Thought about it, snce it’s near New Year’s.
In my opinion, exercising/training/stretching atleast once a week would be a good thing for most people.
Thought about it, snce it’s near New Year’s.
In my opinion, exercising/training/stretching atleast once a week would be a good thing for most people.
Memorizing long sequences of numbers and conveying mnemonics for them (e.g. 512 becomes EAB, 3.1415… becomes C.ADAE…). Technology allowed humans to forgot how to memorize, for example, phone numbers. This is not good for long-term memory.
I’m reminded of Plato’s argument against writing, in which his position was roughly that relying on writing will make us become less practiced at remembering. I especially love the line, which goes hard.
Though the entire passage where the quote is from is great; It’s thought provoking even if I don’t necessarily agree with it.
But how does this improve your life? By improving your memory all around?
The brain is like a muscle. it needs to be exercised, otherwise it would become weakened. The more you exercise it, the more it’ll be stronger, and the more your thoughts will become clearer. Numbers are especially hard to the brain, because brains aren’t naturally designed for numbers, so math is like a gym weight for the brain.
The opposite can be asked: how memory wouldn’t improve one’s life? I can’t see how it wouldn’t. The lack of memory skills would surely be problematic, especially when the modern life requires dealing with lots of information. Sure, we can delegate these oceans of information to our little bright rectangular stones which we often carry around with us like they were extension members of our bodies, but we’d be delegating our intelligence to things that can’t be intelligent at all (smartphones, which lack the "smart"ness of human brain). To be intelligent is to intellego, to understand, to comprehend. Only living beings can comprehend things. However, in order to comprehend, the brain needs to be used for constant comprehension, the brain needs to be developed through neuroplasticity, which is why improving one’s memory is important.
Turning them into letters just seems harder to me, lol
Yeah, indeed it is. And to make things worse, our brains aren’t really native to numbers, our brains are native to meanings and emotional correlations and names. We get to memorize a song or a smell better than we get to memorize the 10 first digits of pi.
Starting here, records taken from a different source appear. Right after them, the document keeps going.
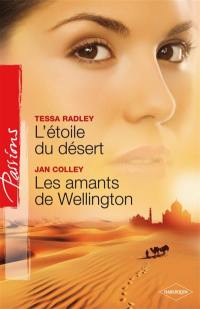 L'étoile du désert. Les amants de Wellington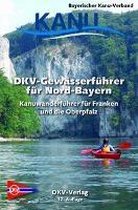 DKV Auslandsführer: Gewässerführer für Nord Bayern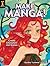 Make Manga!: Create Characters and Scenes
I sometimes tinker with math, programming (this one used to be my professional field), ciphers and steganography (scientific, logical approach towards the alphabetical positioning), as well as Gematria and numerology (non-scientific, esoteric/spiritual approach towards the alphabetical positioning). This allowed me to memorize the numerical position for some letters (for example, L=12, H=8, T=20, W=23). I got these letters specifically memorized due to emotional/spiritual/meaningful correlations (e.g. Lilith’s name can be represented by the sequence 12 09 12 09 20 08).
When some of the letters are memorized, the other letters become a matter of counting from the nearest letter, until they’re also memorized. Then, the reverse conversion (numbers to letters) become a bit easier to do (if I managed to memorize that T is 20, with enough repetition, I get to memorize that 20 is T).
I also memorized that 97 is the ASCII code for lowercase a, while 65 is the uppercase A, so this also allows the conversion between a text and its numerical ASCII representation, although it involves a lot more of math than simply converting numbers to letters within the alphabet or vice-versa.